问题
I started off trying to add a progress bar to the windows form that updates the progress of code running within a Parallel.Foreach loop. In order to do this the UI thread has to be available to update the progress bar. I used a Task to run the Parallel.Foreach loop to allow the UI thread to update the progress bar.
The work done within the Parallel.Foreach loop is rather intensive. After running the executables of the program(not debugging within visual studio) with the Task, the program became unresponsive. This is not the case if I run my program without Task. The key difference I noticed between the two instances is that the program takes ~80% of the cpu when ran without Task, and ~5% when ran with Task.

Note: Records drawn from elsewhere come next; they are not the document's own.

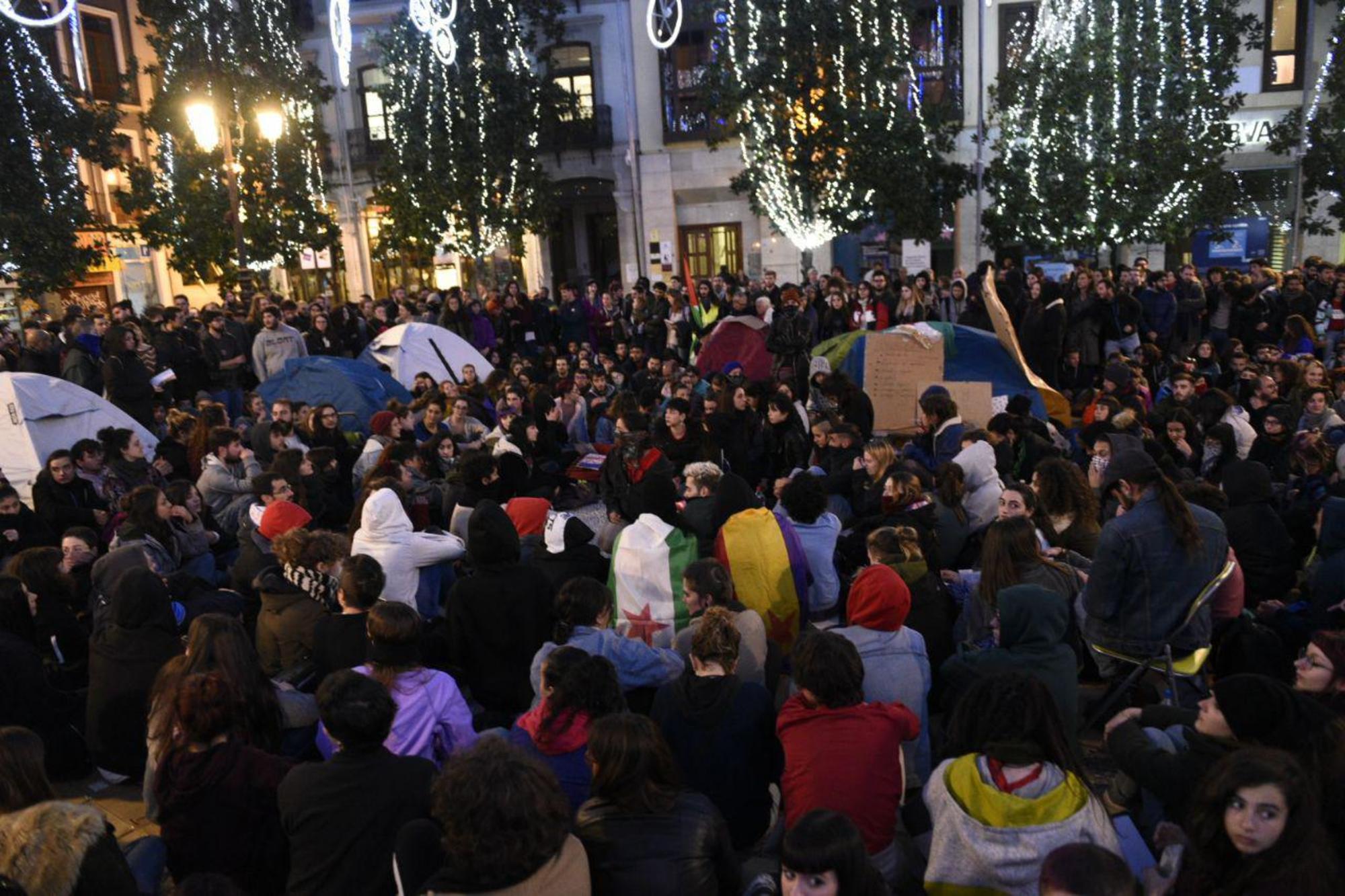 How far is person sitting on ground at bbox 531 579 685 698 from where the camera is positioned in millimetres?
4355

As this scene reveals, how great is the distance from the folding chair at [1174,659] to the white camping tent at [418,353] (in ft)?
33.7

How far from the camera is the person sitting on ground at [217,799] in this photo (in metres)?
3.60

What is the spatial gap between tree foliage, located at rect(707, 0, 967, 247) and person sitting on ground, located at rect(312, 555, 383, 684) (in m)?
17.8

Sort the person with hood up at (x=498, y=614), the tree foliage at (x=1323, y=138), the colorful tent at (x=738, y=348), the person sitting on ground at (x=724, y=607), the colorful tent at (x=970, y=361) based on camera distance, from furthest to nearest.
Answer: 1. the tree foliage at (x=1323, y=138)
2. the colorful tent at (x=738, y=348)
3. the colorful tent at (x=970, y=361)
4. the person with hood up at (x=498, y=614)
5. the person sitting on ground at (x=724, y=607)

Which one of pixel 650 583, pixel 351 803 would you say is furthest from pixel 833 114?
pixel 351 803

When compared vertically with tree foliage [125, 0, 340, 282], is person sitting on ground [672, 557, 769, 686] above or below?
below

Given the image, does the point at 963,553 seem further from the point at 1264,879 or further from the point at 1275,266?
the point at 1275,266

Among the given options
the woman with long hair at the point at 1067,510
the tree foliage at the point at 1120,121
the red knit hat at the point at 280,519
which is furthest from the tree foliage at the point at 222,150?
the woman with long hair at the point at 1067,510

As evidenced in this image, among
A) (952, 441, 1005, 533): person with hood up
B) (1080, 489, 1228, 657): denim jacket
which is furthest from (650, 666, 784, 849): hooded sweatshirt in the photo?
(952, 441, 1005, 533): person with hood up

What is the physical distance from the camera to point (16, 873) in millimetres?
2963

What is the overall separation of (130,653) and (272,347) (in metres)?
9.53

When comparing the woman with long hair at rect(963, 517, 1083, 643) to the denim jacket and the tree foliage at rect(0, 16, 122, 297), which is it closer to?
the denim jacket

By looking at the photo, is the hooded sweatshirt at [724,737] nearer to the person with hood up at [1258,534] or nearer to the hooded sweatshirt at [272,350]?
the person with hood up at [1258,534]

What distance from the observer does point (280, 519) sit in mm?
5965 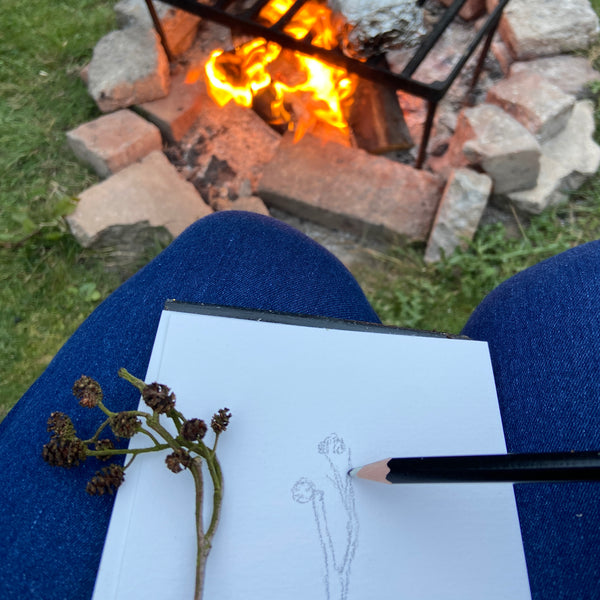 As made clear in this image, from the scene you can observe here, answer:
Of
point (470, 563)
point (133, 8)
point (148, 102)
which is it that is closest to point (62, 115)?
point (148, 102)

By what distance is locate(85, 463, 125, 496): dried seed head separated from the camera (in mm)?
605

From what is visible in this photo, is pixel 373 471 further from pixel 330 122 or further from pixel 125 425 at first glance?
pixel 330 122

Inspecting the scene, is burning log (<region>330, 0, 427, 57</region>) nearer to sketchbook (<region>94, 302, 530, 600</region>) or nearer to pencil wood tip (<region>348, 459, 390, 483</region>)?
sketchbook (<region>94, 302, 530, 600</region>)

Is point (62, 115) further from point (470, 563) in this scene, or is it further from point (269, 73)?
point (470, 563)

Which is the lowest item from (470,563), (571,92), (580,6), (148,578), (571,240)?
(571,240)

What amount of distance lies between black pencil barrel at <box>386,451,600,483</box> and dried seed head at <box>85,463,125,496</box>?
0.91 ft

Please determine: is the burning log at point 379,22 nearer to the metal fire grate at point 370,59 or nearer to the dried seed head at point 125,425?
the metal fire grate at point 370,59

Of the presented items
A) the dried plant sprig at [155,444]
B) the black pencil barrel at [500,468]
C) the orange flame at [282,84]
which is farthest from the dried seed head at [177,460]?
the orange flame at [282,84]

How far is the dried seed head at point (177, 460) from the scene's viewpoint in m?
0.58

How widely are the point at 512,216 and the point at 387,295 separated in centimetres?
41

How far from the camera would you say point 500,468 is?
1.63ft

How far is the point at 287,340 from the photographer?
0.72 m

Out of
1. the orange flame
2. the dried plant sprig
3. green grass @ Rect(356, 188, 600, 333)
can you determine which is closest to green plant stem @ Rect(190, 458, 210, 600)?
the dried plant sprig

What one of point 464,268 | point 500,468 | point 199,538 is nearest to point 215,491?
point 199,538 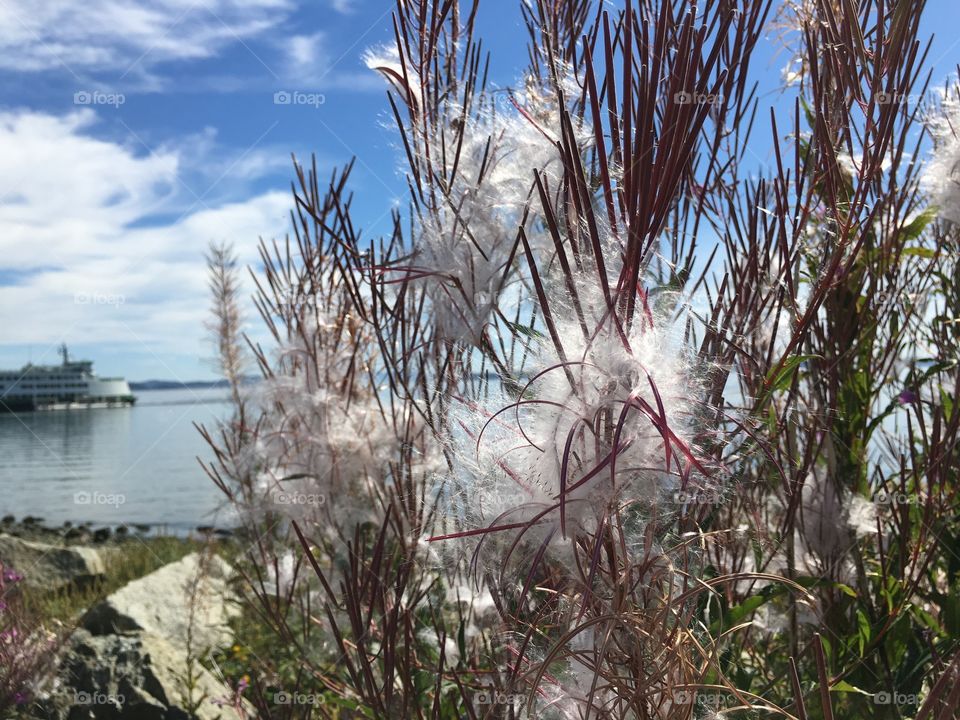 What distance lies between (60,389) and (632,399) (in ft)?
181

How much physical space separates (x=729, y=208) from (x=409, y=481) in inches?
45.7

private void btnGenerate_Click(object sender, EventArgs e)
{
var list = GenerateList();
int value = 0;
var progressLock = new object ();
progressBar1.Maximum = list.Count();
Task t = new Task(() => Parallel.ForEach (list, item =>
{
DoWork ();
lock (progressLock)
{
value += 1;
}
}));
t.Start();
while (!t.IsCompleted)
{
progressBar1.Value = value;
Thread.Sleep (100);
}
}
Side Note: I know that
Interlocked.Increment(ref int___);
works in place of the lock. Is it considered more efficient?
My Question is three fold:
1.) Why would the program with the Task become unresponsive when the load is much less?
2.) Does using Task to run Parallel.Foreach limit the thread pool of the Parallel.Foreach to only the thread running the task?
3.) Is there a way to make the UI thread responsive instead of sleeping for the .1 second duration without using cancellation token?
I'm grateful for any help or ideas, I've spent quite a lot of time researching this. I also apologize if I've violated any posting format or rules. I tried to adhere to them, but may have missed something.
回答1:
You can greatly simplify your code there by using the built in Invoke
method that invokes a delegate on the owning Windows synchronization context.
From MSDN:
Executes the specified delegate on the thread that owns the control's underlying window handle.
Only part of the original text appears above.